Tüm bu deneyler ve icatlar, Tesla' ya  hatırı sayılır hiçbir maddi kaynak sağlamamış. Hayatı sürekli zorluklarla geçmiş herifin. Cuma namazlarında cami kapılarında falan dilenmiş bi süre yani, o derece.


Bizim Thomas Edison - Ampulü Bulan Adam olarak bildiğimiz bu herif, Tesla' nın dehasını kendi çıkarları içi kullanmış zamanında. Herifi eşşşek gibi çalıştırıp, parasını falan vermiyormuş bu insancık, Tesla abimiz de Cesur Yürek' teki William Wallace misali  ''özgürlüüüüüüüüüüüüüükkkkkk'' diye celallenerek, artık kendi başına çalışmaya başlamış.


Hatta Edison, Tesla'ya kendisi için çalıştığı ve işine yaradığı takdirde kendisine 50 bin dolarlık bir ikramiye vereceğini söyler. Bizim saf ve gariban Tesla Abimiz de, eşşek gibi çalışır ve Edison için birçok alet yapar. Tabi tüm bu aletlerin patentlerini de Edison alır.

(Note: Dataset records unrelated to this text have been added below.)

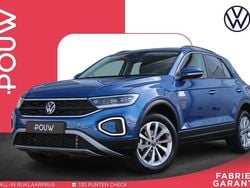 Blauw Gebruikt 2024 VW T-Roc Life SUV | € 31.450 (Goede deal)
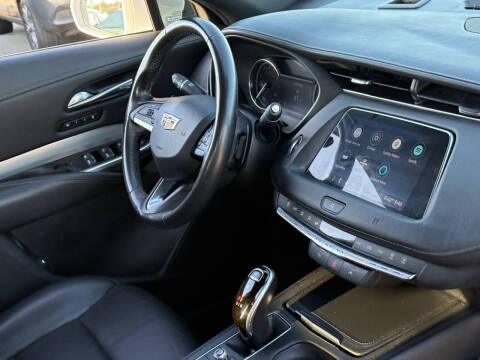 2020 Cadillac XT4 Premium Luxury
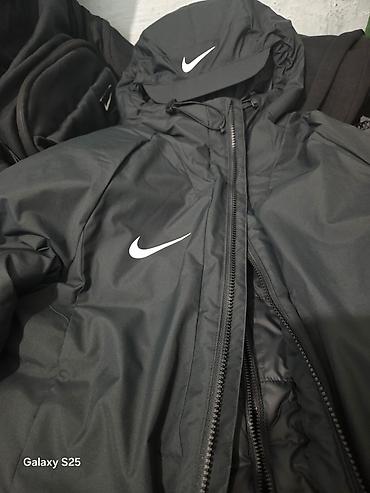 Мужская куртка, S, Nike, Новый, цвет - Черный, Самовывоз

Tesla işini yaptığını ve kendisine vaad ettiği 50 bin doları ister, fakat Edison denilen herüf  ''Tanrı aşkına, dalga geçiyor olmalısın, Amerikan mizah anlayışını hiç öğrenmemişsin adamım yee yoov madafaka ''  falan der ve Tesla abimizin hak ettiği paranın tek kuruşunu vermez.


Çok adice di mi.


Tabi Murat Bardakçı gibi zihniyetler de, millete kendisini tarihçi olarak tanıtır, fakat tarihten anladığı sadece bir devletin kuruluşu ve yıkılışı olduğu için, bu tür konular hakkında hiçbir bok bilmez ve  ''Edison cennete gidecek mi? ''  diye, fazladan geri zekalılık ürünü sorular sorarlar. Bu tür adamlara  ''Osmanlı'da Sex''  de, ağızlarından salya sümük saçarak her boka yorum getirirler ve kendilerini  ''tarihin bilinmeyen yüzlerini anlatan adamlar''  olarak görürler.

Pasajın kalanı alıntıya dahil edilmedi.